Festejar los sesenta años de vida de Enrique fue el pretexto, la circunstancia coyuntural para que, el pasado miércoles 24 de enero, el Centro de Promoción Literaria “Dulce María Loynaz” reuniera a amigos, lectores y críticos de la obra de Kike. Se habló de homenaje, sí, pero esta palabra —cuyas connotaciones no son siempre positivas en el “mundillo” literario nuestro de cada día— no parece ajustarse a las costuras de quien es, como escritor y ser humano, Enrique. Así que prefiero, en esta breve nota, referirme a una gran fiesta, a un carnaval de las risas, las emociones y recuerdos, a un breve encuentro que deseó reunir a la gran familia lectora que la obra de Kike ha unido bajo un mismo techo, una misma casa, un mismo espíritu.

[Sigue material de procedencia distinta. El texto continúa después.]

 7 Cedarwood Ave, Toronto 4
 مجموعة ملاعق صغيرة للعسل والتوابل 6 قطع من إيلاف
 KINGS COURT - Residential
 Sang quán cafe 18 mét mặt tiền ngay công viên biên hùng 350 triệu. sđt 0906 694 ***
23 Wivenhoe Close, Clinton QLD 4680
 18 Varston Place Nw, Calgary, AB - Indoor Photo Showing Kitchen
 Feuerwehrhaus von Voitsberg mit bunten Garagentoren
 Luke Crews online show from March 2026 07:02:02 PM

Durante sus sesenta años de vida, Enrique ha procurado hacer el bien, y ha elegido como su herramienta precisa —aquella que tantos ignoran o consideran menor— el pensamiento; pensamiento que corre —tuétano, linfa y savia— por el gran cuerpo de la literatura nacional. Alerta: no hablo únicamente de los textos que Enrique ha dedicado a la infancia y a la adolescencia —tanto la cubana como aquella que existe más allá de nuestras fronteras—, escritura en la que sin dudas ha dejado una marca, un sello personalísimo que lo distingue de estéticas anteriores y posteriores; me refiero a la totalidad de la obra de Enrique, esa que va más allá de los fragmentos espirituales dispersos de la literatura; esa que busca, medularmente, tocar al lector y, también, cambiarlo, metamorfosearlo, detenerlo en un segundo, en el vital segundo que se alza como diferencia.

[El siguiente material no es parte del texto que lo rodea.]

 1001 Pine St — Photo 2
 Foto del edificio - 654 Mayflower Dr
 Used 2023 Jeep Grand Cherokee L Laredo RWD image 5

Las historias de Enrique están habitadas por múltiples criaturas. Los raros, los feos, los incomprendidos. Los solos, los abandonados, los que no han hallado el rumbo. Los valientes, los héroes, los locos. Enrique se ha transmutado, ha dejado de ser una entidad completa para convertirse en sus propios personajes e historias. Quizás, digo yo, fue la mejor opción posible: esa metamorfosis, ese devenir en mariposa y oruga, le ha permitido atravesar las fronteras del tiempo y el espacio, pues Enrique ha tenido —y tiene— la capacidad de tocar las materias espirituales, esos fragmentos sensibles que habitan en cada lector, y que otros tantos autores han descuidado en su hacer. Él ha escrito una dramaturgia de la diferencia, ha creado los espacios simbólicos —esos que anidan en los libros— para que todos, incluso los más diferentes entre los diferentes, puedan encontrar asilo, casa, mundo y oasis.

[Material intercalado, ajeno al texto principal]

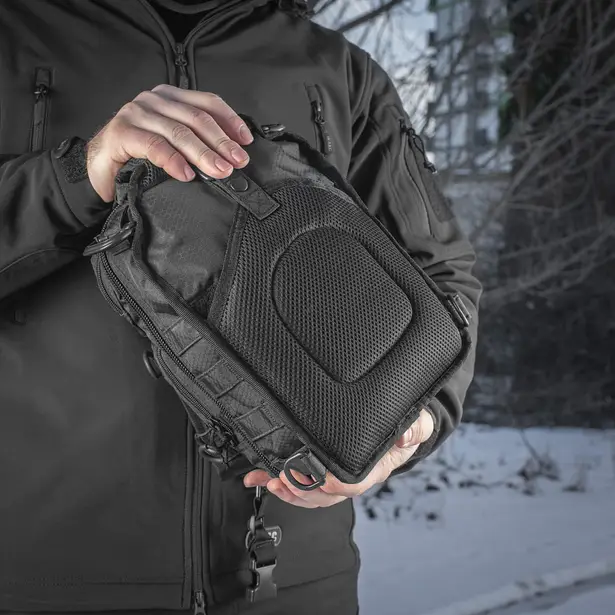 7 - Тактична сумка через плече M-Tac Urban Line City Hunter Hexagon. Чорний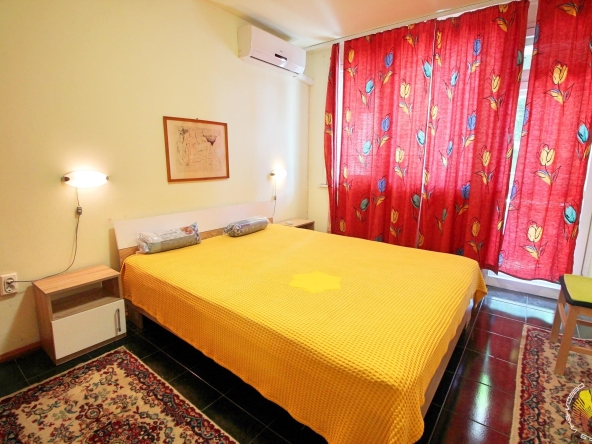 Дава се под наем Тристаен апартамент в Бургас, Център - 76 кв.м за 510 € - Снимка #1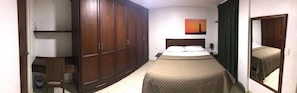 Escrivaninha, espaço de trabalho para notebook, cortinas blackout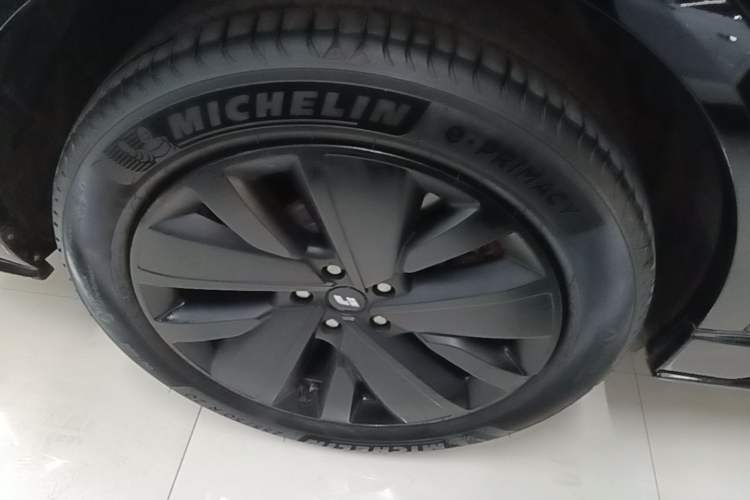 Used Li Auto L7 2025 Max Smart Refresh Edition Right Rear Wheel Hub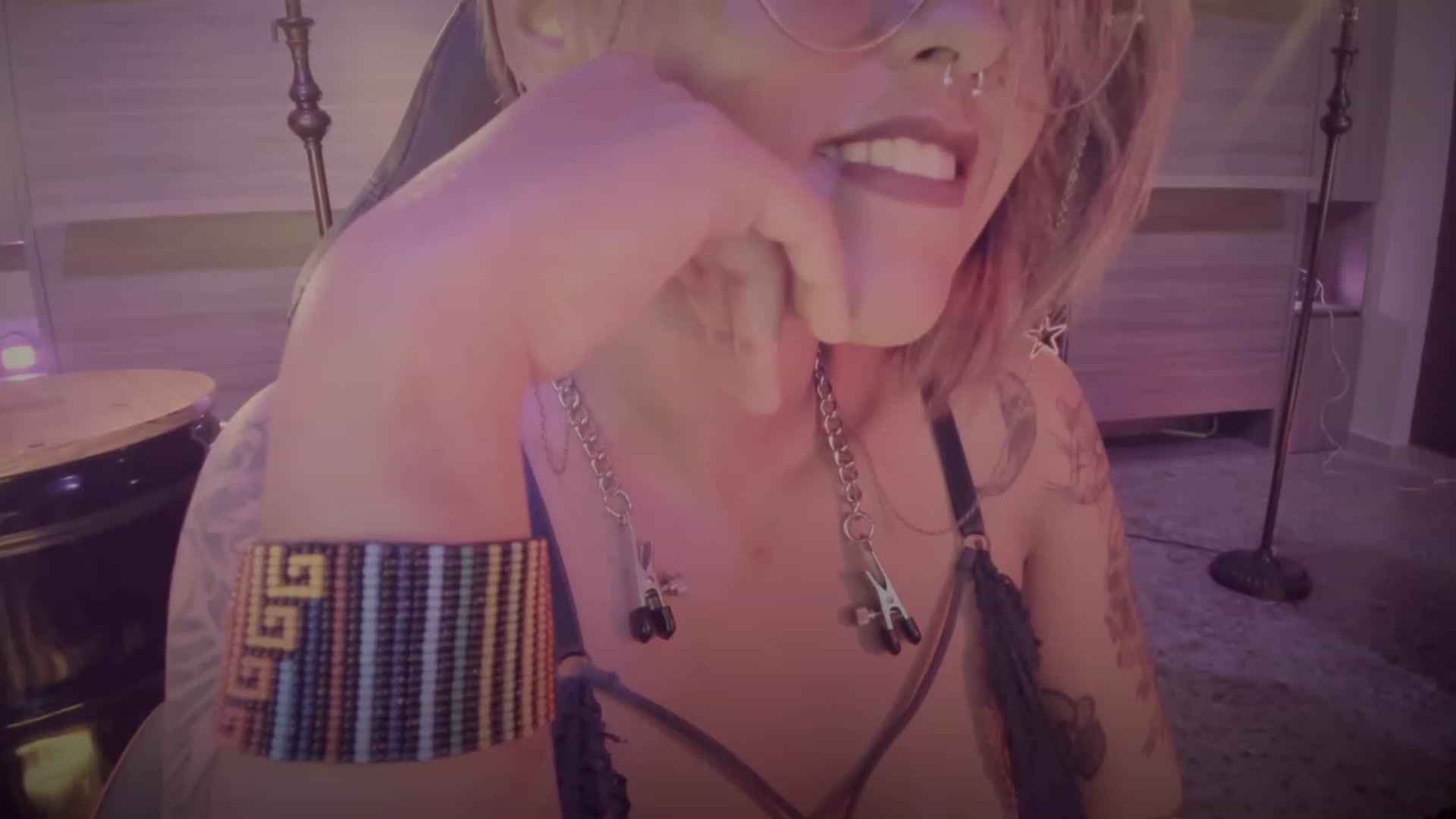 Gallery image thumbnail from AbraxxysRadio's myfreecams stream on, 09/27/2023, 01:37 image 6 of 20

Enrique tiene muchos rostros. Su cara como escritor de fantasía, que lo hace capaz de remontarse en los cánones de figuras típicas y arquetípicas del imaginario universal y resemantizarlas con toques de contemporaneidad. Su cara como escritor realista, artífice que escarba en los nervios de este mundo cruel y hermoso que habitamos. Su cara como crítico e incansable promotor, voz y motor de antologías, proyectos, sinergia que ha reunido, en particular abrazo, a muchos. Y aunque la palabra homenaje no me satisfaga —probablemente tampoco a Enrique—, este taller crítico, este encuentro que hemos vivido a su lado, esta fiesta de metafórica música donde danzaron y silbaron e hicieron malabares un grupo de chicos raros como Monstruosi, Lobato, Kike, Bethania, Bethinia y otros tantos de sus dramatis personae ha sido un encuentro necesario. Para todos.
Las palabras de Susana Haug, Maikel J. Rodríguez Calviño, Eldys Baratute y la autora de estas líneas fueron, quizás, la muestra de que ciertos lectores, devenidos autores, continúan siendo —por encima de todas las cosas— fervientes amigos e hijos simbólicos de los libros de Enrique. Porque con este festejo, sí, no solo se ha celebrado a cierto dragón llamado Emrys, sino también a esa, su clarividencia de duende, que ha alcanzado a ver la esencialidad de lo invisible.